Presidente da Associação Nacional dos Procuradores da República (ANPR) Fábio George Cruz da Nóbrega diz que 'centralização de todas as decisões em um comitê nacional burocratiza e dificulta a agilidade do Ministério Público na ponta'

André Borges, O Estado de S.Paulo

21 de março de 2020 | 13h46

   

BRASÍLIA - A decisão do governo de anunciar um comitê para centralizar as ações e decisões judiciais relacionadas ao coronavírus pode engessar o trabalho dos 15 mil procuradores do Ministério Público Federal (MPF), em vez de acelerar as decisões.

A avaliação é do presidente da Associação Nacional dos Procuradores da República (ANPR), Fábio George Cruz da Nóbrega. “A centralização de todos os acordos, decisões em um comitê nacional tende a burocratizar, sobremaneira, e a dificultar a agilidade do Ministério Público na ponta”, diz ele.

Na última quarta-feira, 18, o presidente Jair Bolsonaro e o presidente do Supremo Tribunal Federal (STF), Dias Toffoli, anunciaram um projeto de lei que cria comitê nacional para enfrentar o avanço do coronavírus no País. "O comitê terá como função promover a interlocução institucional entre órgãos da justiça e de controle no âmbito federal para prevenir ou solucionar litígios relacionados ao enfrentamento da emergência de saúde pública decorrente do coronavírus", disse Toffoli, em cerimônia no Palácio do Planalto.

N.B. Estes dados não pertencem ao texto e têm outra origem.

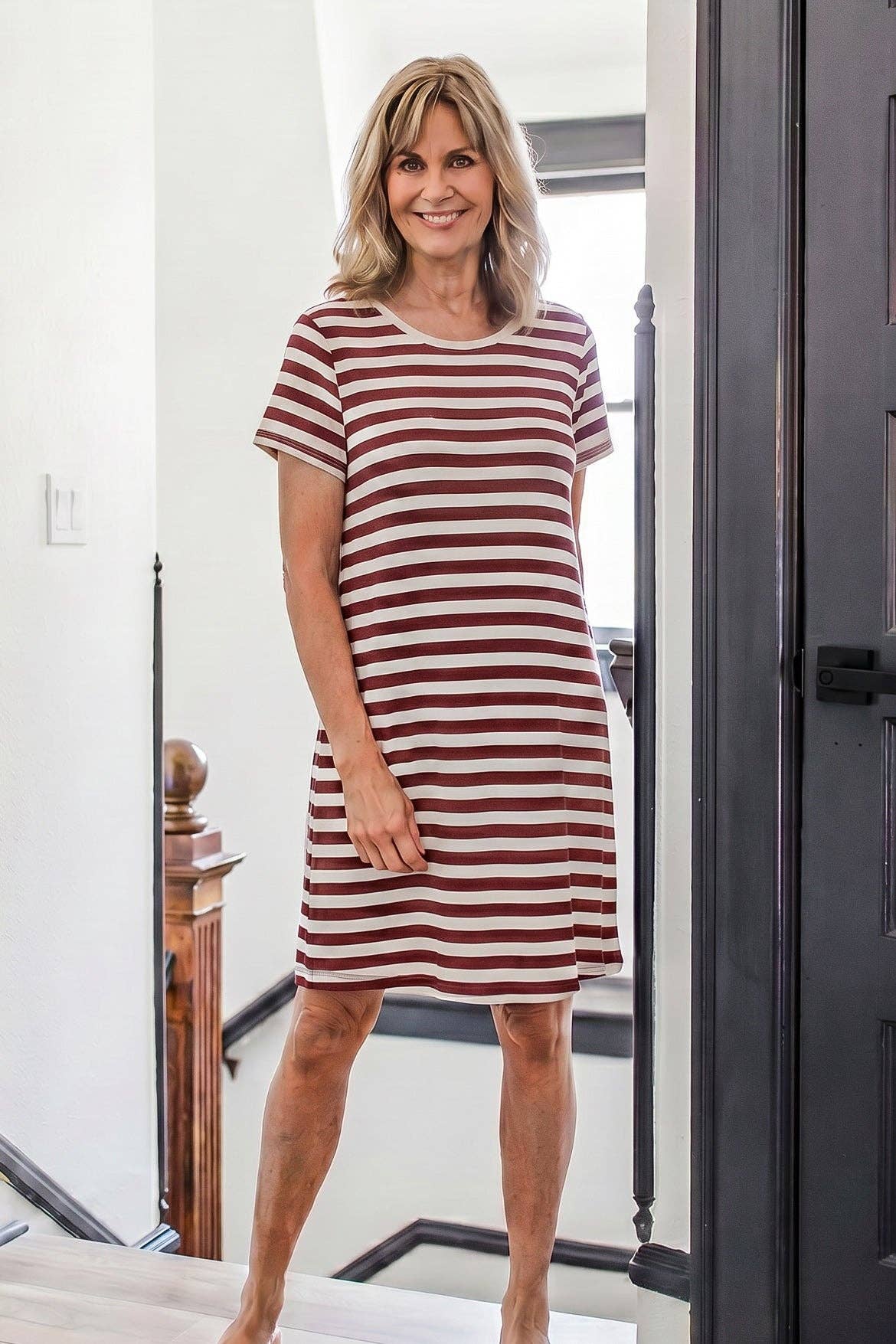 PENELOPE CAP SLEEVE OVERSIZED BAMBOO NIGHTSHIRT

O projeto de lei foi enviado ao Congresso, mas ainda não foi votado. Na prática, diz Nóbrega, o efeito pode ser exatamente o oposto. Ele cita como exemplo diversas ações ajuizadas pelo MPF para que Estados e municípios impeçam aglomerações, para que sejam suspensas missas e cultos e para que haja maior transparência em relação ao número de infectados.

“Na nossa compreensão, o comitê impede que qualquer acordo, ação seja judicializada sem passar por esse comitê”, afirma. “Haverá, ao contrário do que se anuncia, um retardamento muito grande quanto às medidas que têm de adotadas rapidamente em todo o País.”

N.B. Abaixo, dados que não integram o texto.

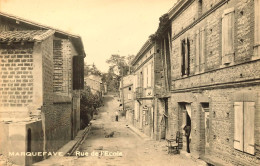 Marquefave * Carte Photo * Rue De L'école - Autres & Non Classés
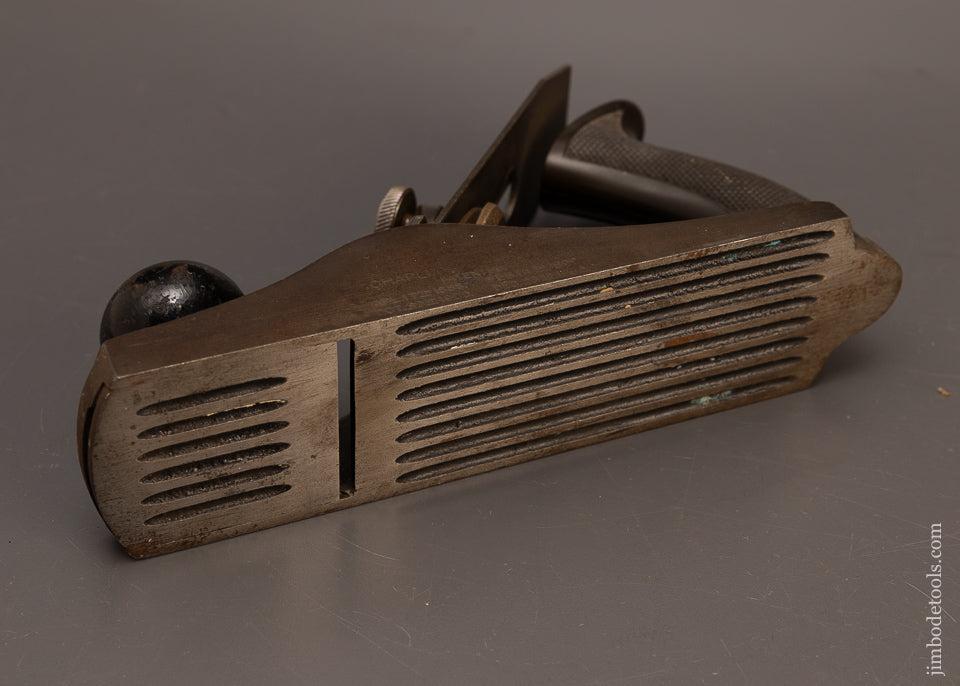 Rare-8-Inch-Corrugated-CHAPLIN’S-PATENT-Smooth-Plane-with-Adjustable-Mouth-117666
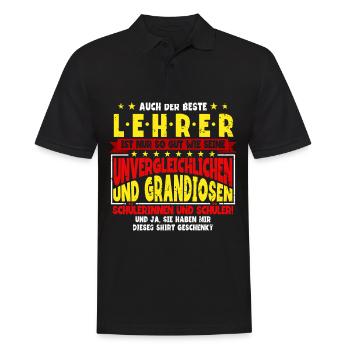 Lehrer Lehrerin Klassenlehrer Ich Bin Stolzer - Männer Poloshirt - Schwarz - Vorne - Kai (181cm)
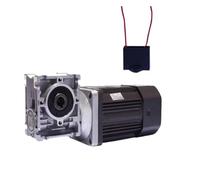 Moteur asynchrone AC motoréducteur RV030 engrenage à vis sans fin trou de sortie 1,4 cm moteur de contrôle de vitesse 120 W et Capac 220 V/110 V/380 V(1-100K (0-12.5 rpm))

Nesta semana, a bancada evangélica defendeu a liberação de cultos em todo o País, sob o argumento de que precisam orar contra a “pandemia maligna”. Bolsonaro deu declarações favoráveis ao pleito, dizendo que os pastores saberiam realizar seus cultos, orientando as pessoas.

A ideia de trazer uma coordenação para dar uniformidade ao trabalho, diz o presidente da ANPR, pode ser benéfica, mas o projeto de lei, da forma como foi colocado, restringe a atuação do procurador que está na ponta do processo e conhece, de fato, qual é a necessidade da medida tomada.

Ao apresentar a proposta, Dias Toffoli disse que o comitê terá a missão de “evitar litígios, preveni-los e solucioná-los de maneira rápida, porque todos nós temos a real dimensão de que a dramaticidade do momento em que vivemos levará a uma alta litigiosidade".